Kürdistan´da son genel seçimler Eylül 2018´de yapılmasına ve aradan 7 ay geçmesine rağmen, halen hükümet kurulmuş değildir. Bunun nedeni, en başından beri oluşturulan yanlış siyasi gelenektir. Bütün siyasi partilerin, önce KDP ve YNK´nin, daha sonra diğer partilerin birlikte bir koalisyon olarak hükümet kurma geleneğidir.
Oysa demokrasilerde, seçimi tek başına alan siyasi parti, tek başına hükümeti kurar. Diğer siyasi partiler de muhalefet eder. Ya da oyların çoğunluğunu alan siyasi parti, koalisyon hükümeti kurar, diğer siyasi partiler muhalefet eder.
Ne yazık ki Kürdistan´da dış saldırıların güncel olması ve siyasi partilerin Pêşmerge gücüne sahip olması, siyasi partileri parti olmanın ötesinde bir fonksiyonla hareket etmeye sürüklemektedir. Bundan dolayı da başından beri, bütün siyasi partilerin hükümette olması gibi bir yanlış yapılmaktadır. Bu da hükümetin kuruluşunu geciktirmektedir. Günümüzde de olan budur.

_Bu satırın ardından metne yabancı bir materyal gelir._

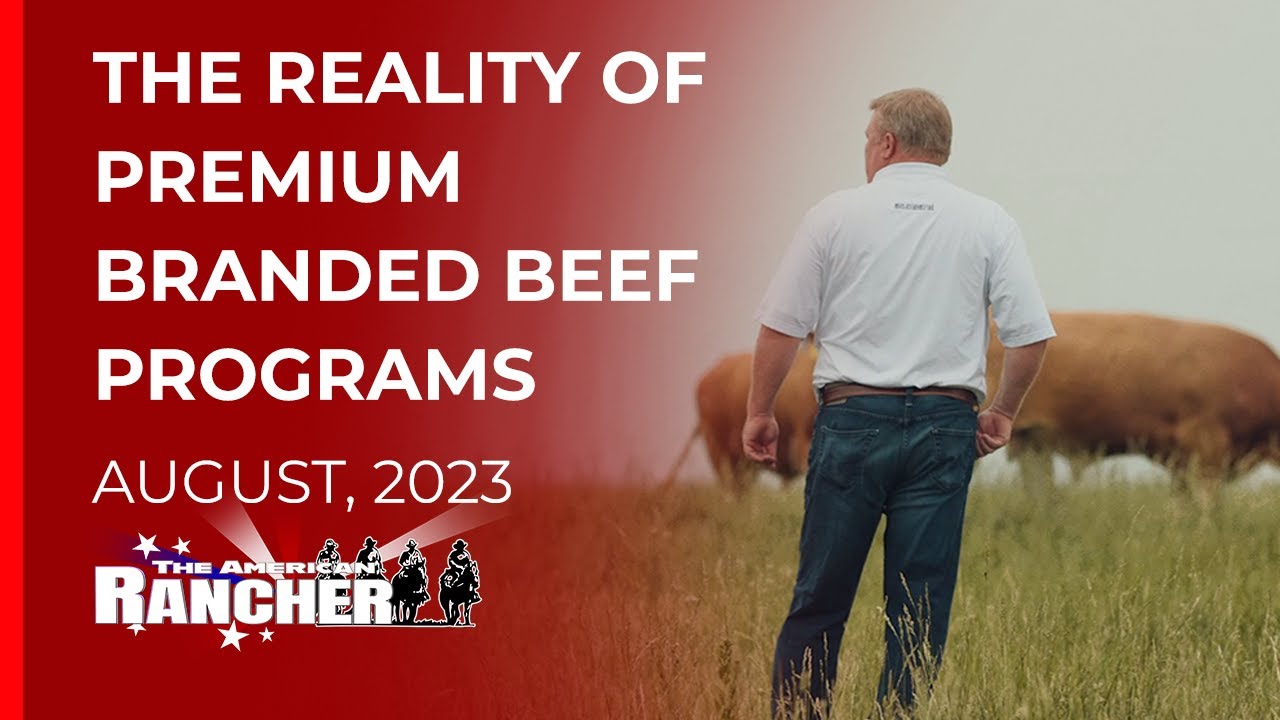 HeartBrand Beef  - The reality of premium branded beef programs. The American Rancher 08 07 23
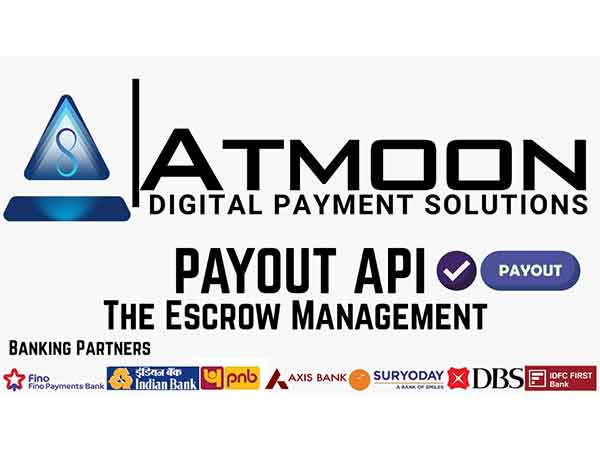 Unlocking Efficiency with AtmoonDPS's Payout API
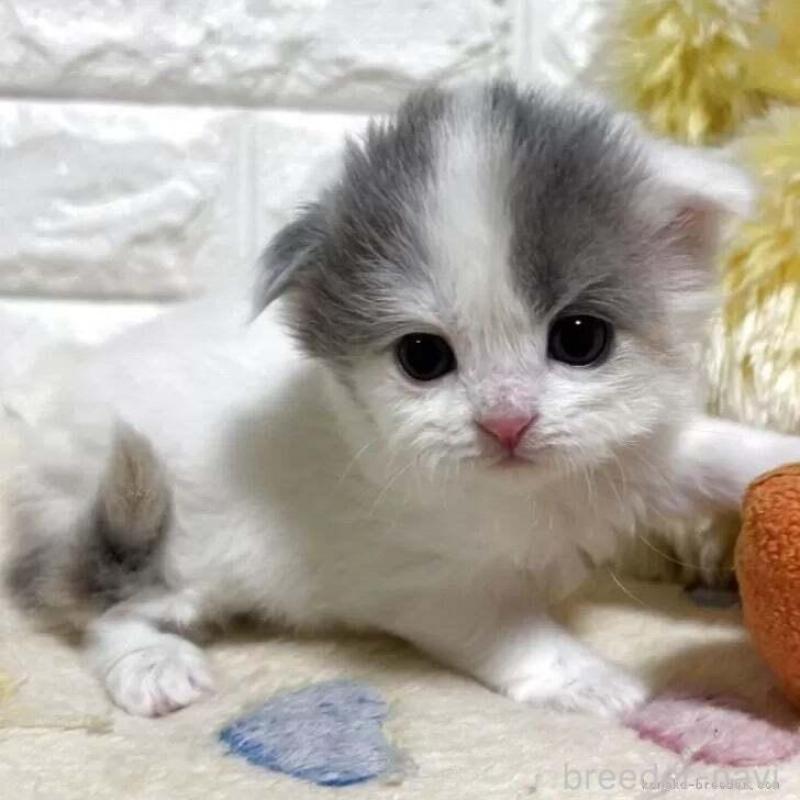 販売中の山梨県のスコティッシュフォールド(折れ耳)-139911の2枚目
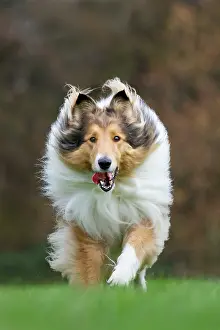 Effort: Dog Rough / Scotch Collie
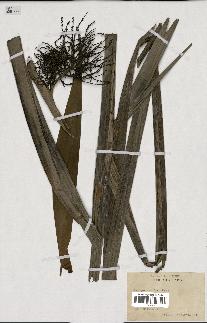 spécimen de Arenga saccharifera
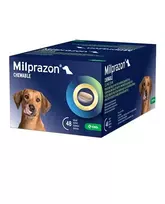 Milprazon Chewable 12.5 mg/125 mg tabletės nuo kirminų šunims nuo 5 kg svorio, 1 tabl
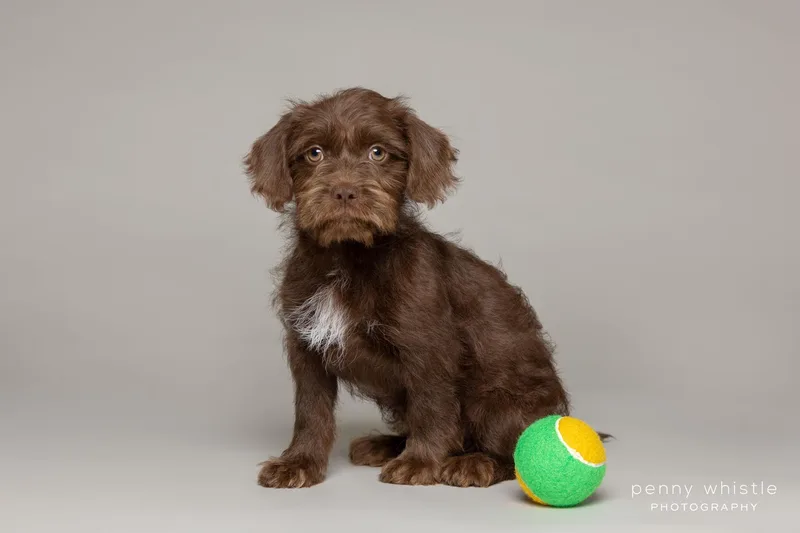 Benedict thumbnail 2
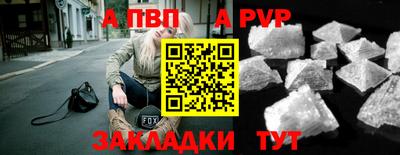 спиды Тула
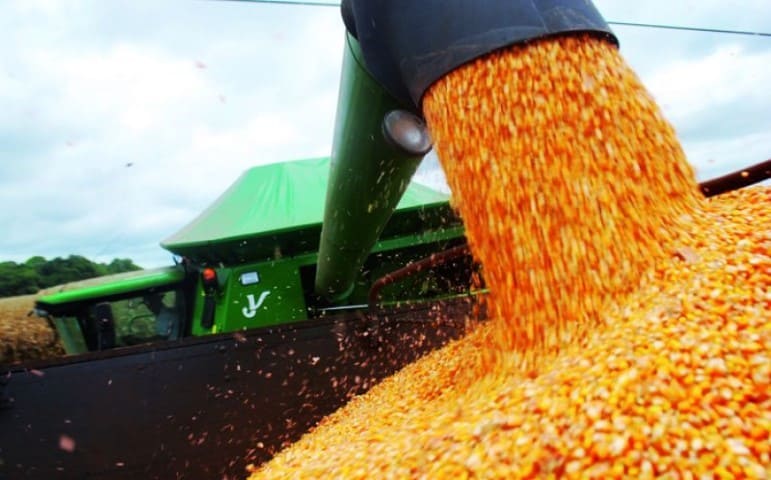  Exportações do agronegócio cresceram 20,9% no primeiro semestre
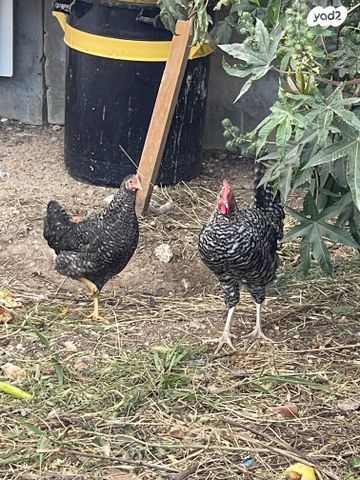 תמונת מודעה - חיות מחמד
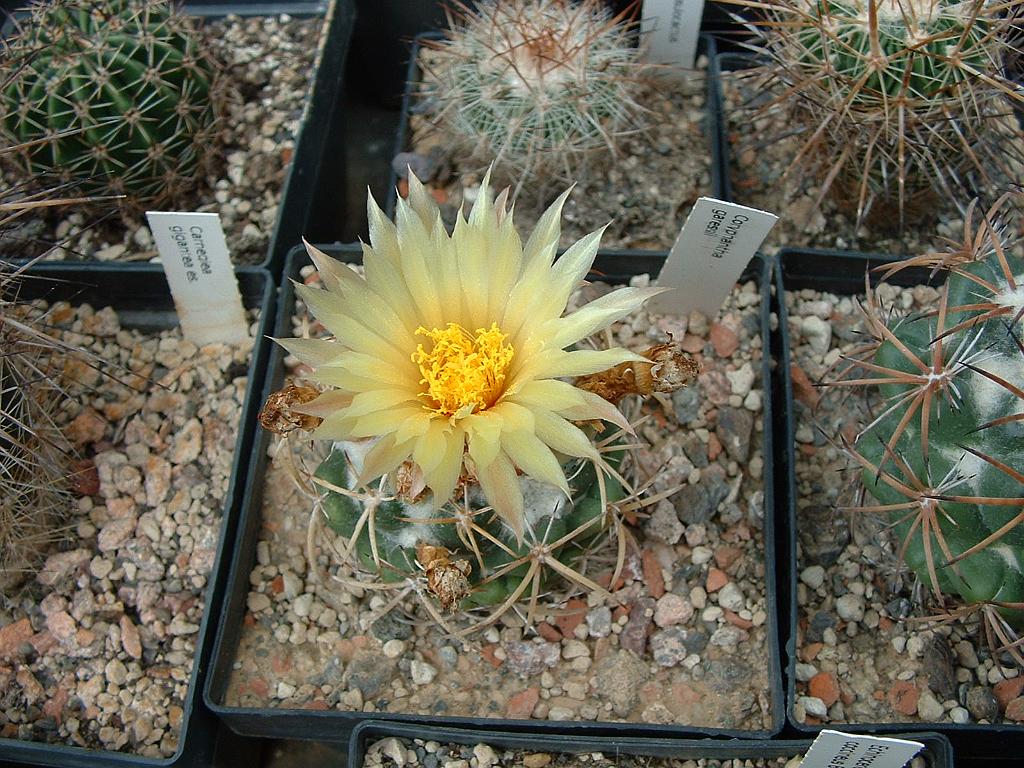 Coryphantha garessii.JPG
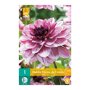 Dahlia knol Creme de Cassis (zakje van 1 stuk)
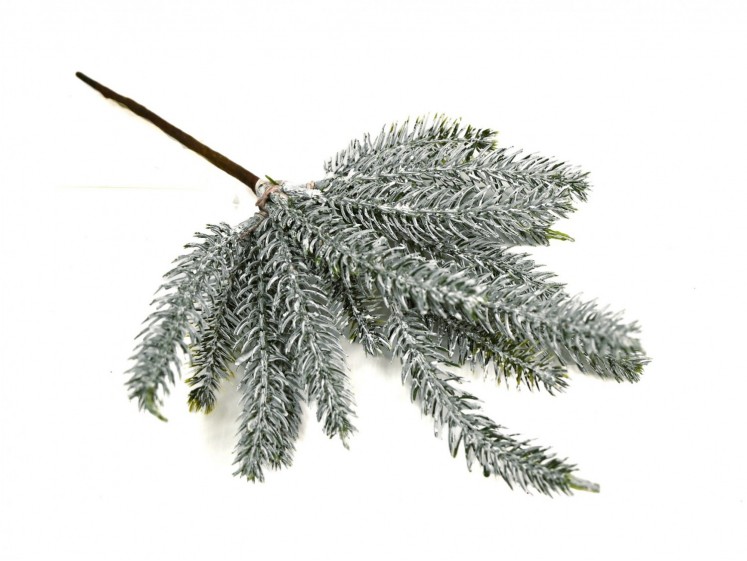 Small Snowy Pine Branch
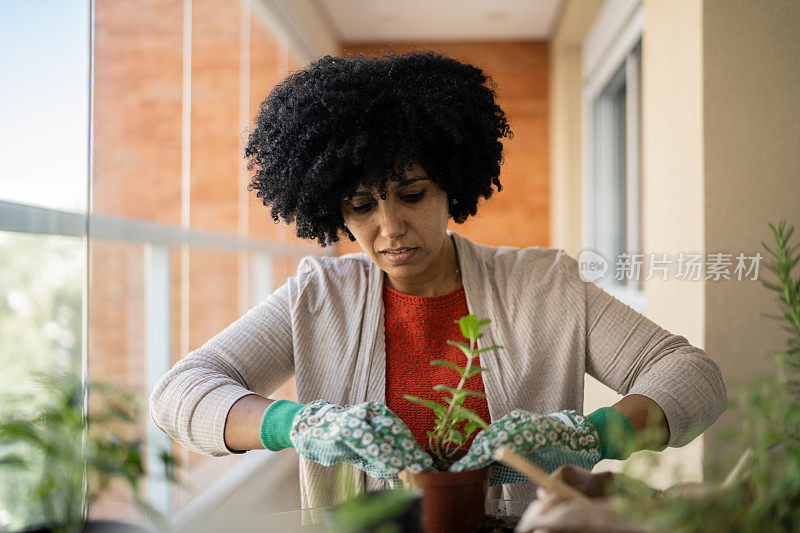 在家里照料植物的妇女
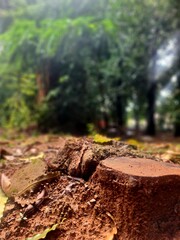 Cut tree stump on wet soil after rain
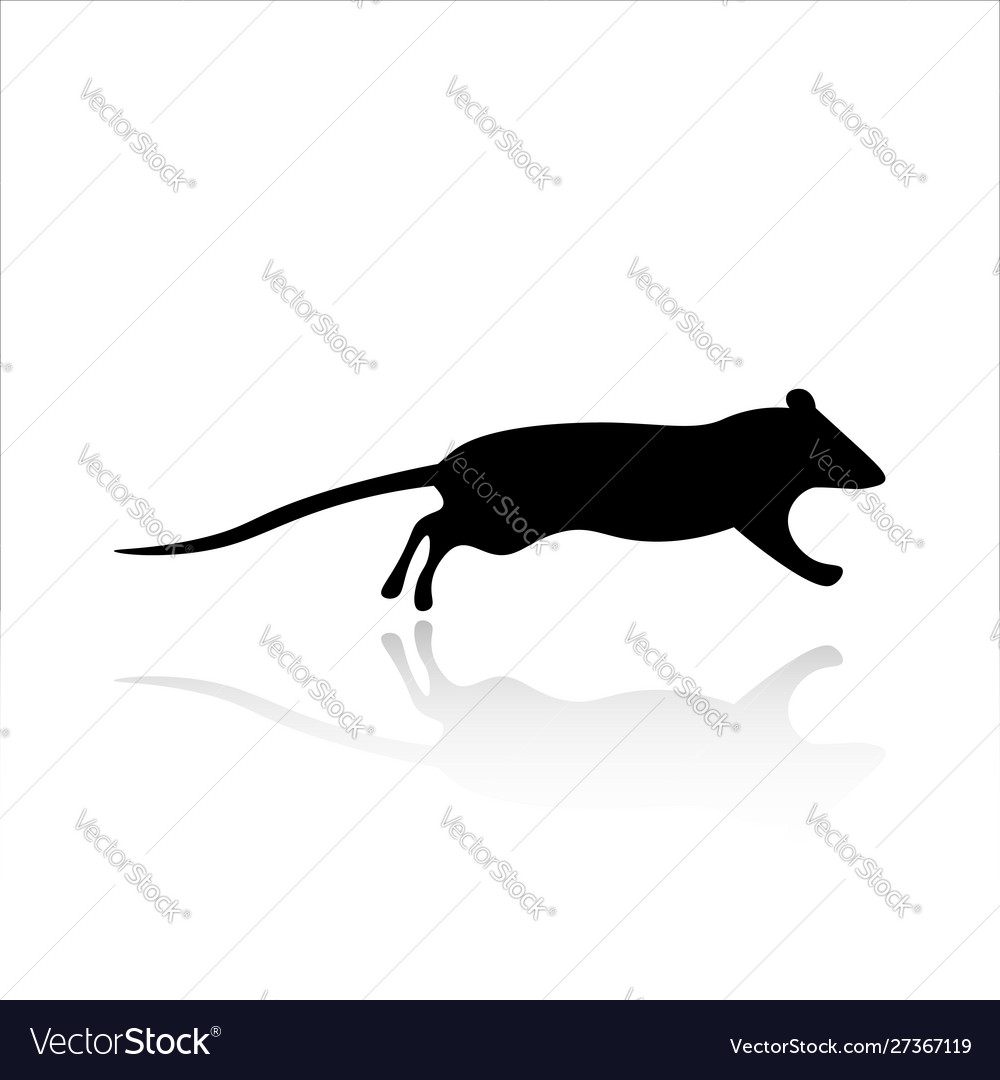 Rat icon design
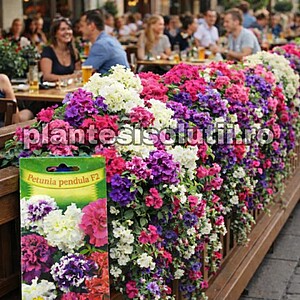 Seminte de Petunia curgătoare (Pendula) P Mix F2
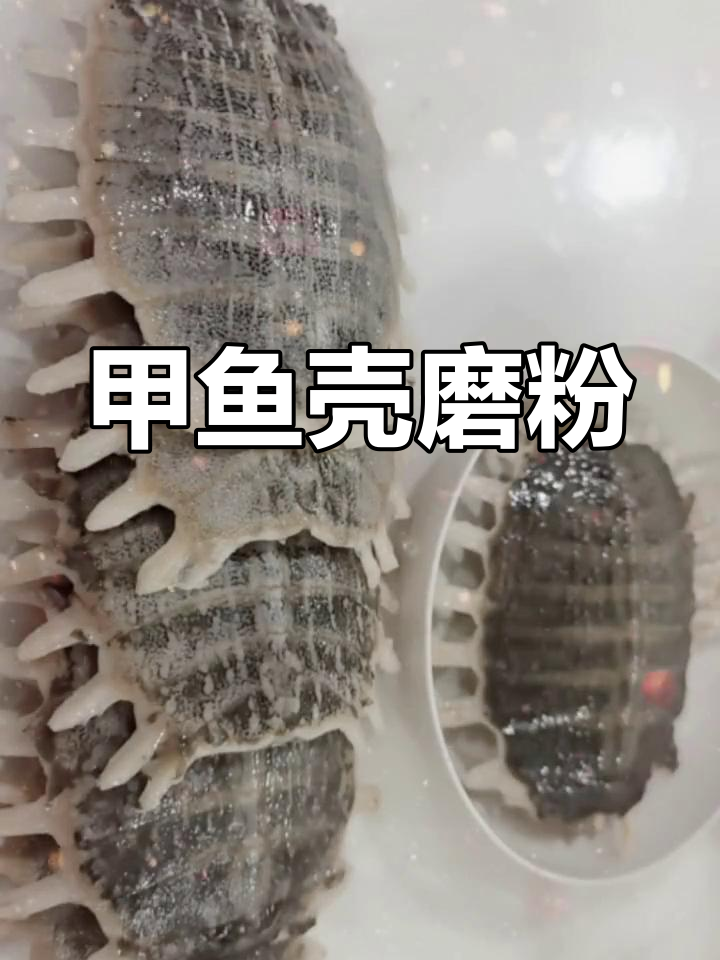 甲鱼壳粉的神奇功效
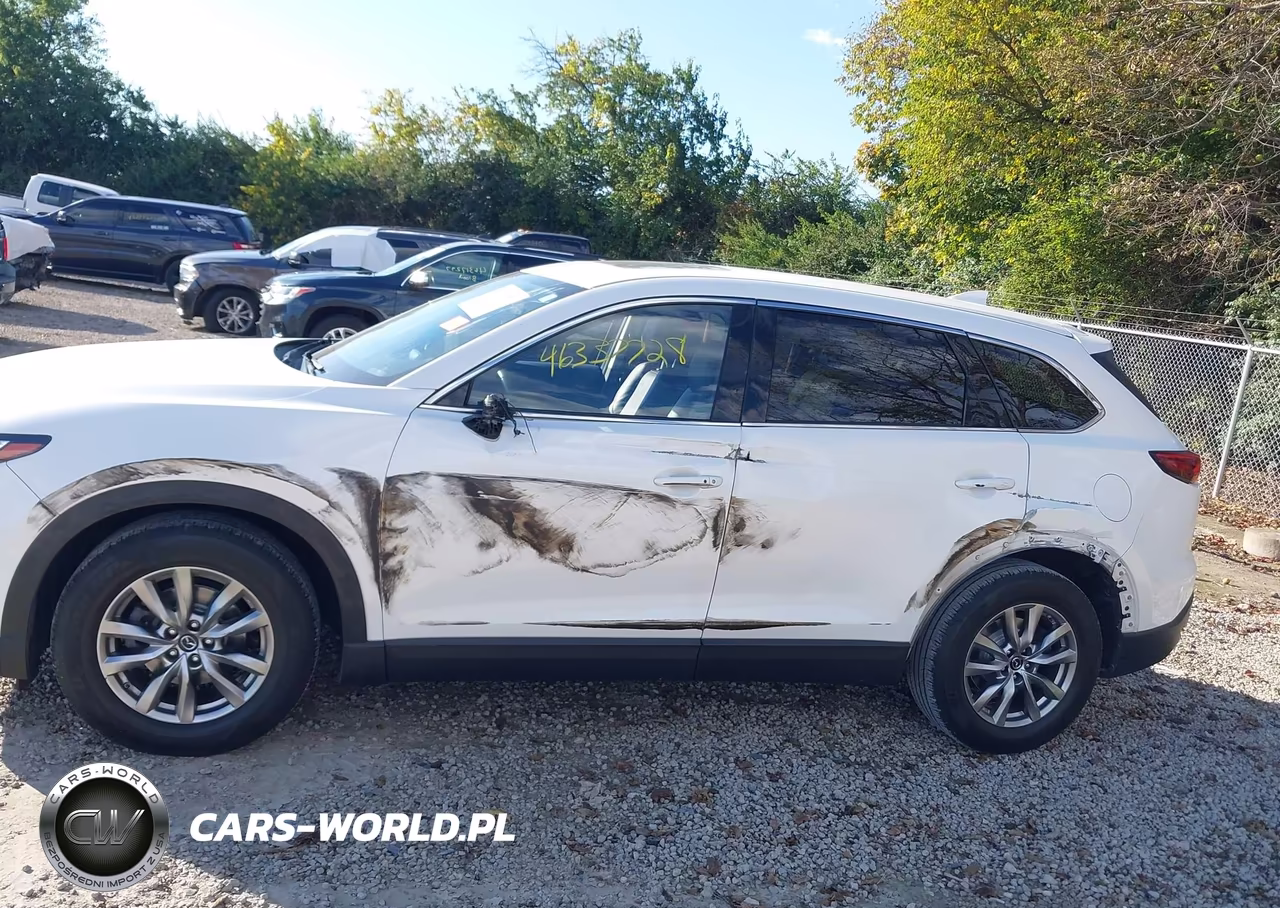 2019 Mazda Cx-9 Touring VIN:JM3TCBCY4K0315394 - 18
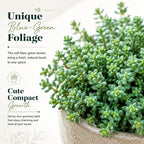2 Sedum Dasyphyllum Minor Succulent Plants, 4 Inch Pot Sedum Plant Live, Hardy, Easy Care Indoor Houseplant, Ideal for Home Décor & Gifts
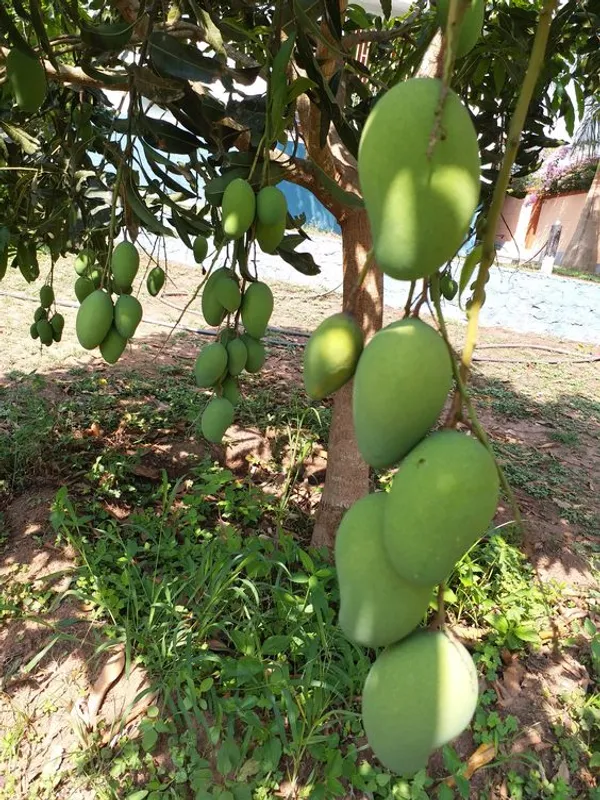 All_Time_(Grafted)_Mango_Fruit_Plant_&_Tree_For_Home_Gardening_1.5-3.5_Ft_(Hybrid,_Pack_Of_1)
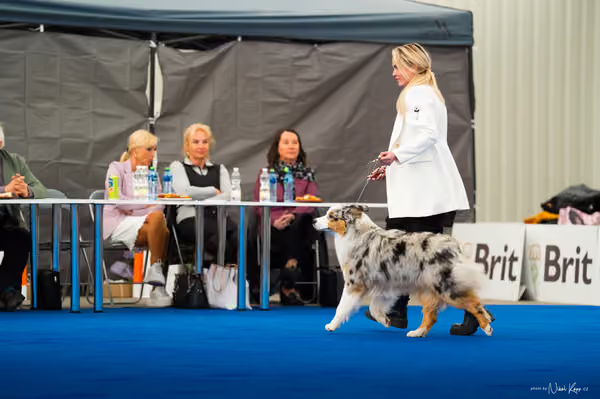 For Pets Cup — DSC03468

Kürdistan demokrasisinin, hızla bu zaaftan kurtulması gerekir. Çünkü uzun bir dönem hükümetin kurulamaması, Kürdistanlıların ihtiyaçlarını karşılamayı zorlaştırmaktadır. Ayrıca muhalefetsiz bir demokrasi yaratmaktadır. En önemlisi de hükümette olan siyasi partiler, iktidar mı, muhalefet mi ayırt etmek zor olmaktadır.